- From: Silvia Pfeiffer <silviapfeiffer1@gmail.com>
- Date: Wed, 17 Dec 2008 21:04:30 +1100
- To: "Yves Lafon" <ylafon@w3.org>
- Cc: "Geoffrey Sneddon" <foolistbar@googlemail.com>, "Media Fragment" <public-media-fragment@w3.org>
On Wed, Dec 17, 2008 at 8:24 PM, Yves Lafon <ylafon@w3.org> wrote: > On Wed, 17 Dec 2008, Silvia Pfeiffer wrote: > >> >> Ah yes, that's just the wiki page, but we will indeed put a version of >> this into the use cases and requirements section of the specification. >> >> I've added a blurb at the end of the "side conditions" section on that >> wiki page about fallback solutions. After having thought about it a >> bit more, it is probably not a good idea to do the full media resource >> download by default. For example, think about a media fragment URI to >> an offset of 15 hours into a 20 hour long video for a 2 min long >> fragment. Think about such a request on a mobile phone. With almost >> certainty, you do not want your phone to just go off and download the >> full resource instead of the 2 min excerpt. >> >> So, I think the user agent should inform the user of the failed >> fragment URI and give the user the option to get the full resource, >> but not do it by default. > > No, it would be against the "ignore what you don't know" rule.
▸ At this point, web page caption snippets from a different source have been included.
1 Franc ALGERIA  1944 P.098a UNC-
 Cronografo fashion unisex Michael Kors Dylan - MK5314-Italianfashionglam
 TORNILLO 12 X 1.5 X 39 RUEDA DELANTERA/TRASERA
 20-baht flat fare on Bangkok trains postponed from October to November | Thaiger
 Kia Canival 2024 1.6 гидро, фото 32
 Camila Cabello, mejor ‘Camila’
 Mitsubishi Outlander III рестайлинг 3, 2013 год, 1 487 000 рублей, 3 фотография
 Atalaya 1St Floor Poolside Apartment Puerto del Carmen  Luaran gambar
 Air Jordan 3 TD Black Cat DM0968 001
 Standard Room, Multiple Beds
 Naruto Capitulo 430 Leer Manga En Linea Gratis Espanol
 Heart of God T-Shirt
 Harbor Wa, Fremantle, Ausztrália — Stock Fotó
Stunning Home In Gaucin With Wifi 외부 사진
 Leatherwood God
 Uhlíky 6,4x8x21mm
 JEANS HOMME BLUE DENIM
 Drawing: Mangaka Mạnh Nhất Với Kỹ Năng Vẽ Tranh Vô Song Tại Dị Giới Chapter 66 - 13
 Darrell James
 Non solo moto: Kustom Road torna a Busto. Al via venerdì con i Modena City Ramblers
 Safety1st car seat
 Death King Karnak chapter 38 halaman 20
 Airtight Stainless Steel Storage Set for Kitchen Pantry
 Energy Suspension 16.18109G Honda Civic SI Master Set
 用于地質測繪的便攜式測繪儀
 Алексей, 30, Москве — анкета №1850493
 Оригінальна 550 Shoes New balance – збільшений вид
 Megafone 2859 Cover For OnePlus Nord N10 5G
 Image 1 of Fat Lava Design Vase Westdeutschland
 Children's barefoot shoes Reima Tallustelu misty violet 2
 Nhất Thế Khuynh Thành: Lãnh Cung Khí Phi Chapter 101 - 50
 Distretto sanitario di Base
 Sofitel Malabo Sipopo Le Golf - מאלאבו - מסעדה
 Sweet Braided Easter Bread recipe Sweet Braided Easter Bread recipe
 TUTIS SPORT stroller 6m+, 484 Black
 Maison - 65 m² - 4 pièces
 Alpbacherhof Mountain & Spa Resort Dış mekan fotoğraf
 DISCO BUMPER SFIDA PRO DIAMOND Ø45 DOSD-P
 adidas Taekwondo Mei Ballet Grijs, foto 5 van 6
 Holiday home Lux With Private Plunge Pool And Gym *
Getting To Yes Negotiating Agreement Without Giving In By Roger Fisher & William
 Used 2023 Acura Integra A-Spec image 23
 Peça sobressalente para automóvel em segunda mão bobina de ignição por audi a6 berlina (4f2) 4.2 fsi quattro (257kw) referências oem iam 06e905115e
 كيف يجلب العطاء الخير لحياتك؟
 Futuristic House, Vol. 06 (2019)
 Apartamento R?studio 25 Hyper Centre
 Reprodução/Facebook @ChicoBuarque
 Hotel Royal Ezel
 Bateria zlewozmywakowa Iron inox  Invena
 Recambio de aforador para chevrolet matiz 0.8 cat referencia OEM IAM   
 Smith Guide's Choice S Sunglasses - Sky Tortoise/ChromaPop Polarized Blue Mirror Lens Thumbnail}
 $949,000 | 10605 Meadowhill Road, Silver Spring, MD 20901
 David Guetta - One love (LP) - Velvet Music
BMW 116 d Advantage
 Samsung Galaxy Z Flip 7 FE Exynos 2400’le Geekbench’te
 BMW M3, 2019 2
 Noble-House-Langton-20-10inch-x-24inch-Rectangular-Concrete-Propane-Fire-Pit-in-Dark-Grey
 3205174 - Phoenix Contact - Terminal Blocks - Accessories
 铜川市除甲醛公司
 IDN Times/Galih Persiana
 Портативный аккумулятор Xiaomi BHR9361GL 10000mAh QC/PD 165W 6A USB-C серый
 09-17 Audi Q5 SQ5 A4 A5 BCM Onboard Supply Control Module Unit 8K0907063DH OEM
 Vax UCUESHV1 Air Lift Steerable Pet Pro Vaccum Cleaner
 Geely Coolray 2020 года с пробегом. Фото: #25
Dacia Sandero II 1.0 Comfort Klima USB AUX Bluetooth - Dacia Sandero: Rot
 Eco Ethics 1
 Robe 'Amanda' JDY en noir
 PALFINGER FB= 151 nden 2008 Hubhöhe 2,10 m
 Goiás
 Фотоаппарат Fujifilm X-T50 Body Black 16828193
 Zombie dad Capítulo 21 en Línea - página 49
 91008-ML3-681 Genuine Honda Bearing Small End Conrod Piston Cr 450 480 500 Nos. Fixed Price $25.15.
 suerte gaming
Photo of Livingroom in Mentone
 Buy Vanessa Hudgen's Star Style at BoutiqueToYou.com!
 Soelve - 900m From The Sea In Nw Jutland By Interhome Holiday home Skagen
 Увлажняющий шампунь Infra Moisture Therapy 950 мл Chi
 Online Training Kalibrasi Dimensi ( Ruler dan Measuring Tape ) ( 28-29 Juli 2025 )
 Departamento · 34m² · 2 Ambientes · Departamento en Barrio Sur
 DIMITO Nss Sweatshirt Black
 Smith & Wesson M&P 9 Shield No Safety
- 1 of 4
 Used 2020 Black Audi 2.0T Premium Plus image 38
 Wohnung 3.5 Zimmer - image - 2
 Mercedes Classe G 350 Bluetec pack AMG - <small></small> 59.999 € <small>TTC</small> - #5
The client > will see an incoming file with a _big_ Content-Length, that let the client > decide to drop the connection to abort the transaction, but it has to be a > client-side behaviour, not a server-side one. I think that's what I said (i.e. it's dealt with client-side). Except, it was my assumption that the server will 404 a media fragment request where it doesn't understand a few extra message headers. That's probably wrong and the server would by default reply with the full resource if it cannot resolve the fragment (at least in the HTTP case - not sure what happens in the RTP/RTSP case). So, I have adapted the statement on the wiki. :) Cheers, Silvia.